Day 9 / Apr 14 (Thu)¶
Back to Scala with a bit of Spark SQL.
The following is a list of exercises to help you hone your skills in Scala (with some Spark SQL). You are supposed to do the exercises alone. In the end, push your projects to Github.
There is no ordering. There is no need to do them all. You can pick whatever exercises you like in any order.
Use slack to ask questions. You can DM me directly or use #scala-academy
channel. Up to your liking.
Enjoy!
Exercises¶
These exercises are about Spark SQL.
- Selecting the most important rows per assigned priority
- Exercise: Reverse-engineering Dataset.show Output
- Exercise: Specifying Table and SQL Query on Command Line
Scala Project: Node¶
Write a class Node
that can have zero, one or more Node
children. The class should support adding a child Node
, removing and listing them.
The most challenging part is display
method that should display a Node
with all children (that in turn may have Node
children that are supposed to be displayed, too).

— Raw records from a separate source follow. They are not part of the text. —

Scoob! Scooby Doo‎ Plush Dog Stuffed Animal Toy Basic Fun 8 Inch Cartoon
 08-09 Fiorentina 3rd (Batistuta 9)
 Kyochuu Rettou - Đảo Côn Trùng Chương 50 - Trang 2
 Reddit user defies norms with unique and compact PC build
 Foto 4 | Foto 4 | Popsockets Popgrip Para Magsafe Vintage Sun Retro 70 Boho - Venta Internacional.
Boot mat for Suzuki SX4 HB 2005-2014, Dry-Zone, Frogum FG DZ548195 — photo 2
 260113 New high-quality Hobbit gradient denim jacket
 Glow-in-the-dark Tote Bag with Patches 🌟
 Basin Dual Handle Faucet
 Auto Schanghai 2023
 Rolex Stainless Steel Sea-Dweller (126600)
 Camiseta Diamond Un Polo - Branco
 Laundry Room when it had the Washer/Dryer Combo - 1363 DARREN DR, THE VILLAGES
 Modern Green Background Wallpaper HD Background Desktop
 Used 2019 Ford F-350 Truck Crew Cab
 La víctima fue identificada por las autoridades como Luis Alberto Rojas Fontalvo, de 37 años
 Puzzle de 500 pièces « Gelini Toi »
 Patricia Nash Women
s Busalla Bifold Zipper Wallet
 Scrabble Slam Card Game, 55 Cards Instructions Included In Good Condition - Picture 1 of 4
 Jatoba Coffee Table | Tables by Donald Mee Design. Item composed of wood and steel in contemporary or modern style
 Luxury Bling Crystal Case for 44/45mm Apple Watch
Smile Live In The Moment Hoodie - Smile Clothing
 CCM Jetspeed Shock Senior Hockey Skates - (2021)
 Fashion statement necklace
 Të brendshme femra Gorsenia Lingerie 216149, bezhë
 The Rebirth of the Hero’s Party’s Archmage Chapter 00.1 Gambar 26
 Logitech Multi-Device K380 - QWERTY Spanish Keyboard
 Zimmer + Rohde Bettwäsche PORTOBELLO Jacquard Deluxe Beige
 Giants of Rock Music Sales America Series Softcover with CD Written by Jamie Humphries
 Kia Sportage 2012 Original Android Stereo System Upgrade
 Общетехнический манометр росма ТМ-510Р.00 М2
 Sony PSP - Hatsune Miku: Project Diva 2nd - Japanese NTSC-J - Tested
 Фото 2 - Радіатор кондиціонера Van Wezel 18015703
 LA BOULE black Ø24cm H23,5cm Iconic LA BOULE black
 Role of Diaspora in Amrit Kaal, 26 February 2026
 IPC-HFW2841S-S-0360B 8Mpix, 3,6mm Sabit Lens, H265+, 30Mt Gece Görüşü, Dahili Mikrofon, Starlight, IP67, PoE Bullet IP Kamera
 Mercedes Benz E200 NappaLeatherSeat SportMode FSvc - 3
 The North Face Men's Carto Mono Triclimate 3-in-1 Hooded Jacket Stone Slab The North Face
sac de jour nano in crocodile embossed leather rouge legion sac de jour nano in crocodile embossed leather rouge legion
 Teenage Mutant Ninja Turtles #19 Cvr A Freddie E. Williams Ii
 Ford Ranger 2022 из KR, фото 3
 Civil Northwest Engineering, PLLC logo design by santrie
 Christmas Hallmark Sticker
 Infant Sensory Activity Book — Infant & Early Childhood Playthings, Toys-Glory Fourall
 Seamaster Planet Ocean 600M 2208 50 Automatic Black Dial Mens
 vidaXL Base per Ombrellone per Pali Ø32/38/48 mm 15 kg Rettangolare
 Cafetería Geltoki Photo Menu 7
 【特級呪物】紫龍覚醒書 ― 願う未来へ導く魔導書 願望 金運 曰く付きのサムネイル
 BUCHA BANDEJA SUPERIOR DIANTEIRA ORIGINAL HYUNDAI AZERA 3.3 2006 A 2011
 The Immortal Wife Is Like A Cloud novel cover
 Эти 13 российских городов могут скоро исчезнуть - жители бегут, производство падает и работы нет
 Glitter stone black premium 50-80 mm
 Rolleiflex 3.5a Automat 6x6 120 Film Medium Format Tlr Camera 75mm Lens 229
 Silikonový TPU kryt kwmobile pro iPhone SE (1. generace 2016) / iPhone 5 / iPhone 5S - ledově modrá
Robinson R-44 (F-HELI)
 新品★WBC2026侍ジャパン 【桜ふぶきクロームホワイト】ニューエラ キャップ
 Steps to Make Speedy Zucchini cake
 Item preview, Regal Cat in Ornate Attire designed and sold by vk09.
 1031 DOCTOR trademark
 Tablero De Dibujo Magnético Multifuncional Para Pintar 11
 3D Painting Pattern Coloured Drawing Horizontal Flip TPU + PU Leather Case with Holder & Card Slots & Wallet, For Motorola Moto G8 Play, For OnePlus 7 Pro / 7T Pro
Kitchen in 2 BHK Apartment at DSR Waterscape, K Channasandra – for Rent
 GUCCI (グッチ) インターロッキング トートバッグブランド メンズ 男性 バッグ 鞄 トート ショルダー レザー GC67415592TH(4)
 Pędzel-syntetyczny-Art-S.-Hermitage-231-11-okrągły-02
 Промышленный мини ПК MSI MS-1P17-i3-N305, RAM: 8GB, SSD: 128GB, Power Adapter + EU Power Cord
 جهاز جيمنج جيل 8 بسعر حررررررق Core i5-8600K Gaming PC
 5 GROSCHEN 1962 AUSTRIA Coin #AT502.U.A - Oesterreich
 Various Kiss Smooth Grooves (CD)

A sample display could look like the following:
AdaptiveSparkPlan
+- Union
:- HashAggregate_1
: +- Exchange
: +- HashAggregate
: +- Project
: +- Range
+- HashAggregate_2
+- Exchange
+- HashAggregate
+- Project
+- Range
The above shows a Node
(called AdaptiveSparkPlan
) with one child (Union
) that has two children HashAggregate_1
and HashAggregate_2
and so on.
Write unit tests.